▶ AVAILABLE DATA
^^^^^^^^
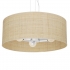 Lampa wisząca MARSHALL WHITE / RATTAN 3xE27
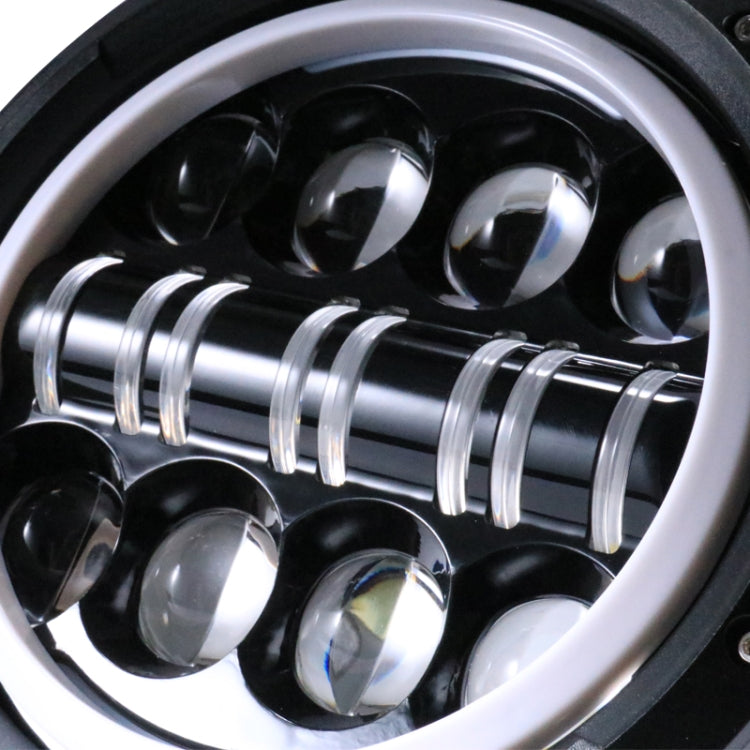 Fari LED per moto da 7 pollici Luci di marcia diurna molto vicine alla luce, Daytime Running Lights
^^^^^^^^
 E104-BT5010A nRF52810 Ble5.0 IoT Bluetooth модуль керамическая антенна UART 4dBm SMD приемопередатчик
^^^^^^^^
Going by the data above, the answer is exactly the lines from the one holding "Lampa wisząca MARSHALL WHITE / RATTAN 3xE27" to the one holding "Fari LED per", both kept, with the pictures left out.

▶ EXERCISE RESPONSE
 Lampa wisząca MARSHALL WHITE / RATTAN 3xE27
 Fari LED per moto da 7 pollici Luci di marcia diurna molto vicine alla luce, Daytime Running Lights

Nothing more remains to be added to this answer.